The Supreme Court's rulings in favor of same-sex marriage Wednesday were greeted with excitement by polygamists across the country, who viewed the gay rights victory as a crucial step toward the country's inevitable acceptance of plural marriage.

Anne Wilde, a vocal advocate for polygamist rights who practiced the lifestyle herself until her husband died in 2003, praised the court's decision as a sign that society's stringent attachment to traditional "family values" is evolving.

"I was very glad... The nuclear family, with a dad and a mom and two or three kids, is not the majority anymore," said Wilde. "Now it's grandparents taking care of kids, single parents, gay parents. I think people are more and more understanding that as consenting adults, we should be able to raise a family however we choose."

"We're very happy with it," said Joe Darger, a Utah-based polygamist who has three wives. "I think [the court] has taken a step in correcting some inequality, and that's certainly something that's going to trickle down and impact us."

Noting that the court found the Defense of Marriage Act unconstitutional because the law denied marriage rights to a specific class of people, Darger said, "Our very existence has been classified as criminal... and I think the government needs to now recognize that we have a right to live free as much as anyone else."

Gay rights advocates have long sought to distance themselves from polygamists in order to undermine social conservatives' slippery-slope argument, as articulated on Twitter Wednesday by talk radio host Bryan Fischer: "The DOMA ruling has now made the normalization of polygamy, pedophilia, incest and bestiality inevitable. Matter of time."

But polygamists in the United States, where bigamy is a crime, have taken cues from the marriage equality movement, and the few public champions of the lifestyle have deliberately positioned themselves as libertarian-minded gay rights advocates as well. Following gay rights activists' lead, polygamist families — like the Browns, with their TLC reality show Sister Wives, and the Dargers, who came out with a book last year — have come forward to convince the American public that their lifestyle can be wholesome and normal.
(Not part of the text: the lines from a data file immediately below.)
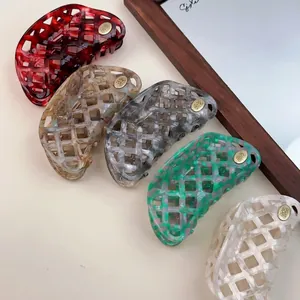 Five-piece hollow grid acetate hair claw set in tortoiseshell colors with gold logo
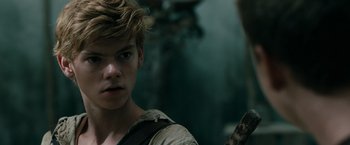 Movie still from “The Maze Runner” (2014), directed by Wes Ball – A young man in a forest with a tree in the background; Close Up shot, Over the shoulder angle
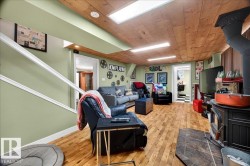 Recreation room featuring wood-finish flooring, a wood stove with a slate hearth, and a wood plank ceiling with recessed lighting -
The key difference in their missions, Wilde said, is that "gays want legal marriage and polygamists don't" — they just want their lifestyle to be decriminalized.

"If you legalize plural marriage, that means the government is going to control certain aspects of it," Wilde reasoned. "They might say, you have to make so much money, you can't have any more than four like it says in the Koran."
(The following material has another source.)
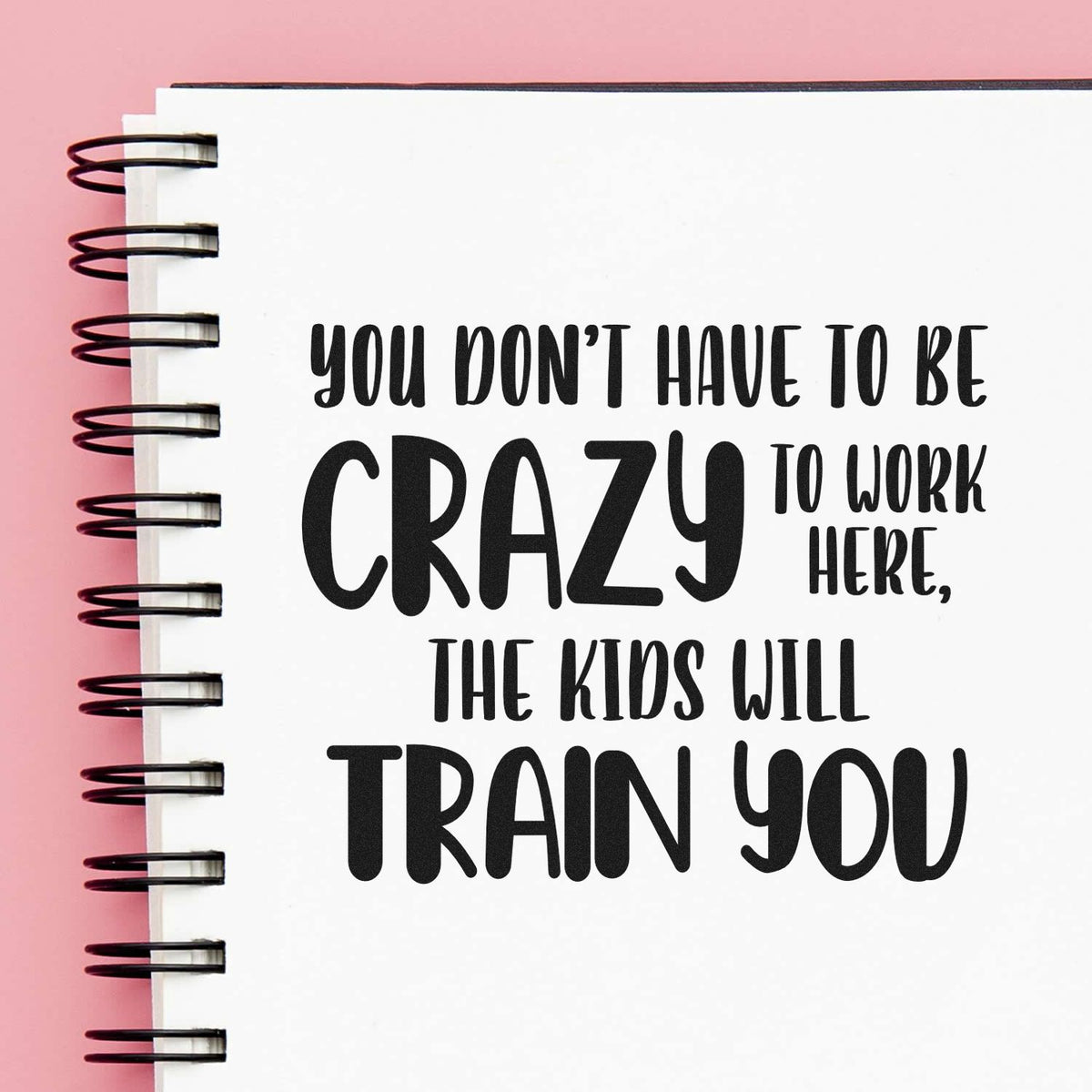 Black stamp-style quote on a white spiral notebook with pink background: You dont have to be crazy to work here, the kids will train you.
Still, she said the court's decision would only help polygamists' cause.

"I'm not a fortune-teller, but it seems like if more people are accepting of gay marriage, it would follow that polygamist marriage wouldn't be criticized quite so much."
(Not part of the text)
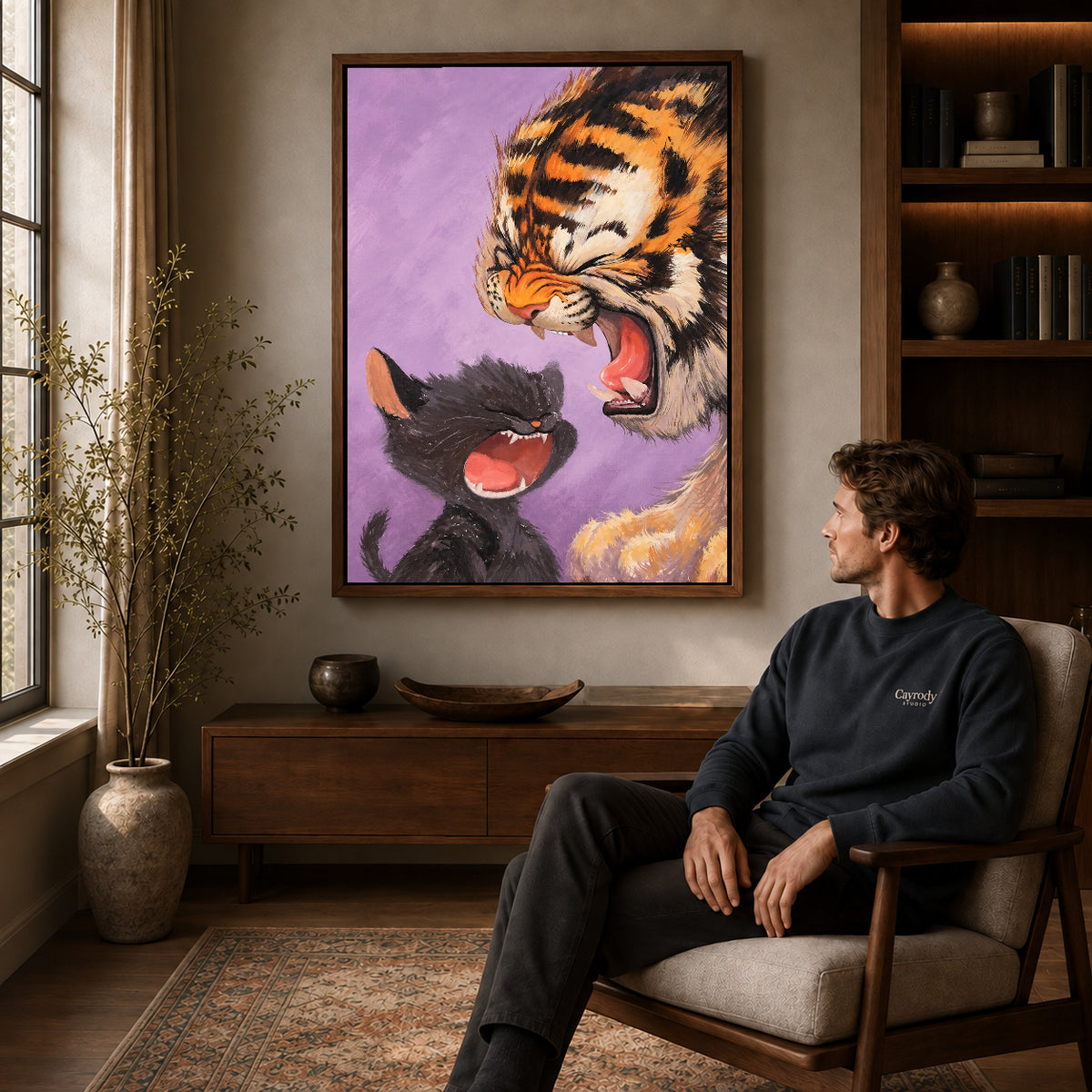 Laughing Tiger Kitten canvas art in a walnut frame above a console beside a seated man.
But some polygamists were trying to temper their enthusiasm Wednesday.

"I do see this as a positive step toward recognizing the civil rights of the plural culture to make their lifestyle choices without being branded as criminals," said Marlyne Hammon, a practicing polygamist. "We are still in the trenches facing the reality of stubborn, unjust laws, so we are cautious about breaking out the champagne just yet."